Клотильда прибыла в особняк епископа к восьми часам вечера. Она помнила, что назначила свидание на двенадцать. Она и тревожилась, и предвкушала.
Ей предстояло пережить скучнейший ужин в компании матрон, среди которых была престарелая мадам де Бельгард, знавшая Генриха Четвертого ещё королем Наваррским, и желчная графиня де Булонь, чьи нравственные воззрения строго соответствовали заветам апостола Павла.
Истинный брак, по её скромному разумению, должен был совершаться по взаимной неприязни, чтобы всю последующую супружескую жизнь преодолевать эту неприязнь, сглатывать рвотный позыв и таким почтенным образом спасать свою душу. А брак по взаимной склонности приравнивался ею к прелюбодеянию. Удовольствие от ласк мужчины означало гибель души, а желание этих ласк – одержимость демоном.
Во время ужина Клотильда поспешила согласиться с очередной сентенцией старой дамы и даже процитировала пару строк из послания апостола к коринфянам: «Незамужняя заботится о Господнем, как угодить Господу, чтобы быть святою и телом и духом…»
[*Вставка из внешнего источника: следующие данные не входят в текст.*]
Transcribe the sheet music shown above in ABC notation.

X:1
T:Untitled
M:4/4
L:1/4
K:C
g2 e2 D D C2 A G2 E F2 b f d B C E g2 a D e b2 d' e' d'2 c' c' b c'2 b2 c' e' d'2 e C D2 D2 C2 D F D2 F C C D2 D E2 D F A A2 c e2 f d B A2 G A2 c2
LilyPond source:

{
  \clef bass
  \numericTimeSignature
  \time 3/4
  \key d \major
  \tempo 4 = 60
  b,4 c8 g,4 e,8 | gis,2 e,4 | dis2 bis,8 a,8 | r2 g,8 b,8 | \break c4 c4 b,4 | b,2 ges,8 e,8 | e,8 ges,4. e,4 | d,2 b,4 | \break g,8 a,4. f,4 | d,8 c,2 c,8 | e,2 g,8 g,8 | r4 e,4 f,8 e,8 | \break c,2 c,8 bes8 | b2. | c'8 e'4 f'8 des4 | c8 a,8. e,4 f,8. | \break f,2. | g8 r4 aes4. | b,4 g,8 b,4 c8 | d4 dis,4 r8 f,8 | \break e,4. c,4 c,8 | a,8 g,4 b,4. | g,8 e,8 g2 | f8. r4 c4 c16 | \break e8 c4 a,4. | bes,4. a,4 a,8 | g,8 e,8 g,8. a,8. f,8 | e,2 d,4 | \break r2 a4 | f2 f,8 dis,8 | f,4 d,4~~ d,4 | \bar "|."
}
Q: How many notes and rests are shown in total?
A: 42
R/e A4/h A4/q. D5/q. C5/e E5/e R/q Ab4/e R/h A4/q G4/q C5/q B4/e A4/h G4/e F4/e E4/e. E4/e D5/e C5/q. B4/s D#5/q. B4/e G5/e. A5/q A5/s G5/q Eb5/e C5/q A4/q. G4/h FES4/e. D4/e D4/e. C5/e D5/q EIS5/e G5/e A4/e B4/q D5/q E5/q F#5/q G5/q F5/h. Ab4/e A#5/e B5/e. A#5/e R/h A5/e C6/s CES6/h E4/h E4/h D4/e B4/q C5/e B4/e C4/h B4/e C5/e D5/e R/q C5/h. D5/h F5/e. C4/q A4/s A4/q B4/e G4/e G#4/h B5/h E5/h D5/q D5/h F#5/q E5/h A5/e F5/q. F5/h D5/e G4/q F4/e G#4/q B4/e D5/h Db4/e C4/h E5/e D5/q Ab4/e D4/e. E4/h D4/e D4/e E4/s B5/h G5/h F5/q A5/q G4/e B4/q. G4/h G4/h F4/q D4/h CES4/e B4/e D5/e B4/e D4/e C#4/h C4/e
Речь за ужином шла о девочках-сиротах, плодах незаконной любви, а также о девушках, согрешивших по бедности и неведению. Всех этих девиц принимали в приюте Кающейся Магдалины и наставляли на путь истинный. Наряды и украшения были строжайше запрещены, дабы не вводить в соблазн. Воспитанницы носили бесформенные полумонашеские робы, волосы скрывали под безразмерными чепцами и целый день занимались рукоделием: подрубали простыни и скатерти, покрывали незатейливой вышивкой нижние юбки богатых и благочестивых горожанок.
Одна из сестер-надсмотрщиц читала заунывным голосом откровения Святого Иоанна, житие Екатерины Сиенской или Франсуазы Бретонской.
Слушая неторопливый разговор престарелых ханжей, Клотильда испытывала странное удовлетворение. Знали бы они, эти поборницы нравственности, в чём истинный мотив её благочестия!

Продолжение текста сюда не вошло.